- Opening Delimiter -

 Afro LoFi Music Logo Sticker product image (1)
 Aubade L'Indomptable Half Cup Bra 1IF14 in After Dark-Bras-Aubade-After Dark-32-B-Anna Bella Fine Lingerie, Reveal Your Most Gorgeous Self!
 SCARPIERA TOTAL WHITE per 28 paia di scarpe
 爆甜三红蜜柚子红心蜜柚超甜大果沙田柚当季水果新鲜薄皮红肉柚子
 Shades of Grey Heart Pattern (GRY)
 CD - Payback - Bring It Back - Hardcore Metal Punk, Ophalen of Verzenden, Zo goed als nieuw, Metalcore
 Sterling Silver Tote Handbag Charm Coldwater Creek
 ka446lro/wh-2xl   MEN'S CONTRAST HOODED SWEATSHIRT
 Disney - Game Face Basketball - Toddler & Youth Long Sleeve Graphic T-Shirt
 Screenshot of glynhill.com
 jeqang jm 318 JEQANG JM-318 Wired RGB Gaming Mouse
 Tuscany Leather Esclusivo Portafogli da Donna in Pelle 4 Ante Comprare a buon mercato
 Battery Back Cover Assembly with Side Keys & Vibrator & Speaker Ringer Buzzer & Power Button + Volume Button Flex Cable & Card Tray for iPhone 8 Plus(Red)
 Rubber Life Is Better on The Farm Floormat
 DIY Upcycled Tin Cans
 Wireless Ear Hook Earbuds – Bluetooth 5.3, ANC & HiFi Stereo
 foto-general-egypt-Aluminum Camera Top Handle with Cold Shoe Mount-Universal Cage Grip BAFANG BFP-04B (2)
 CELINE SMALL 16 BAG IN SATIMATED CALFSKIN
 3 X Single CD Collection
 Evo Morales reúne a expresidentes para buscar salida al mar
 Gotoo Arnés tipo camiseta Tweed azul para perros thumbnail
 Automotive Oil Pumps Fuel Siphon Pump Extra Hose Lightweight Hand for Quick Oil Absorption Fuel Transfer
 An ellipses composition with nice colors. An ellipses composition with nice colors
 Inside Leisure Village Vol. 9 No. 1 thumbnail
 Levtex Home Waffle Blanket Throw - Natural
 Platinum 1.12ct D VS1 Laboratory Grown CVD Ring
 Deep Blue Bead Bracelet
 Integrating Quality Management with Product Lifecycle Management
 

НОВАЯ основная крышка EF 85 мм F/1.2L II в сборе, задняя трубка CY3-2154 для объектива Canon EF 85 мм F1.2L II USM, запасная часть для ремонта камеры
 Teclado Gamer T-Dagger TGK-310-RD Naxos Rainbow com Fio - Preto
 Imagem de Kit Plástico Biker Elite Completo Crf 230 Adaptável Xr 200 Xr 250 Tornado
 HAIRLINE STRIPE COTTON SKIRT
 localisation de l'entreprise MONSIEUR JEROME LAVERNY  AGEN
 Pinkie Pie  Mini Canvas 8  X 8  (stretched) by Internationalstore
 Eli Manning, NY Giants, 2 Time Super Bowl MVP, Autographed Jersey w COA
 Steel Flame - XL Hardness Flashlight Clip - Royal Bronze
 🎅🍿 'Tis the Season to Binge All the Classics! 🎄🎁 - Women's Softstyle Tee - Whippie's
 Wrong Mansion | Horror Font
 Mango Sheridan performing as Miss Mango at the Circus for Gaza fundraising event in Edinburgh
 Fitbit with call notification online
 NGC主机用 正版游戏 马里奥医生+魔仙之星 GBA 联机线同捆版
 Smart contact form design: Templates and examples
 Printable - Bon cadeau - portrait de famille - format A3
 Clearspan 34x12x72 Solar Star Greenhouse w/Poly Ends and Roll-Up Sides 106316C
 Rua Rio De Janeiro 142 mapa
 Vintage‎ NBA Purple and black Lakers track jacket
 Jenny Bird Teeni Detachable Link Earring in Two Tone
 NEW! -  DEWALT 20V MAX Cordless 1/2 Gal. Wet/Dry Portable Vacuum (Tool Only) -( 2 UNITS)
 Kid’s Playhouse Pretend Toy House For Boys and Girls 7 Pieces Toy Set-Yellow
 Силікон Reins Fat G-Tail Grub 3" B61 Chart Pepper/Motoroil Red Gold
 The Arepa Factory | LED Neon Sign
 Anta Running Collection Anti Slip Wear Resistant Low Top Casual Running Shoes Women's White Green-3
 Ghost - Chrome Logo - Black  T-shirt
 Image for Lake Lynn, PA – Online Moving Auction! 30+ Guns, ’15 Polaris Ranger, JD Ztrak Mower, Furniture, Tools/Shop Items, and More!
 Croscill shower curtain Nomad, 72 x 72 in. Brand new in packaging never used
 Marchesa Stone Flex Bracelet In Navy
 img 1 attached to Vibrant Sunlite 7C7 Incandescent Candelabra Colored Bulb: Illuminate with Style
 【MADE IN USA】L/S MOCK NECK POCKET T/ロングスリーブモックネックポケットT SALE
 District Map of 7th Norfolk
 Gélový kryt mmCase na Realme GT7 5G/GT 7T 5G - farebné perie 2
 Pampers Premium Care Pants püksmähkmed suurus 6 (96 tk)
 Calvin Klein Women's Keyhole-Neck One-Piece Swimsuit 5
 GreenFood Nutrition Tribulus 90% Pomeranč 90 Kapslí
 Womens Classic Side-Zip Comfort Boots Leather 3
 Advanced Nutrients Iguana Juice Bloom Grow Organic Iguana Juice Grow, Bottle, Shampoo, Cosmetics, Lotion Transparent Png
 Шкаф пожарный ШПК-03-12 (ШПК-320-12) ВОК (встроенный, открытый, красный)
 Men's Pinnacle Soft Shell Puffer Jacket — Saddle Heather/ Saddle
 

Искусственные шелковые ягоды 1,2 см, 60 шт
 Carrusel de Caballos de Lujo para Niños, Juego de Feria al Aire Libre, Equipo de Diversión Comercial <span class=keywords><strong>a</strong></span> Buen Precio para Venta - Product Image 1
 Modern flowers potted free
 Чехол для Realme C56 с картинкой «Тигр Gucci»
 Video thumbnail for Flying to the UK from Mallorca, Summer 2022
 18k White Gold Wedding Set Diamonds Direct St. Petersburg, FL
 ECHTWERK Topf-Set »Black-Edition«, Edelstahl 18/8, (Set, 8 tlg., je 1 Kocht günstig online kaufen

- Closing Delimiter -

The problem ▸ Among the lines above, return those that hold the word "Gold".

Output of the task ▸
 Силікон Reins Fat G-Tail Grub 3" B61 Chart Pepper/Motoroil Red Gold
 18k White Gold Wedding Set Diamonds Direct St. Petersburg, FL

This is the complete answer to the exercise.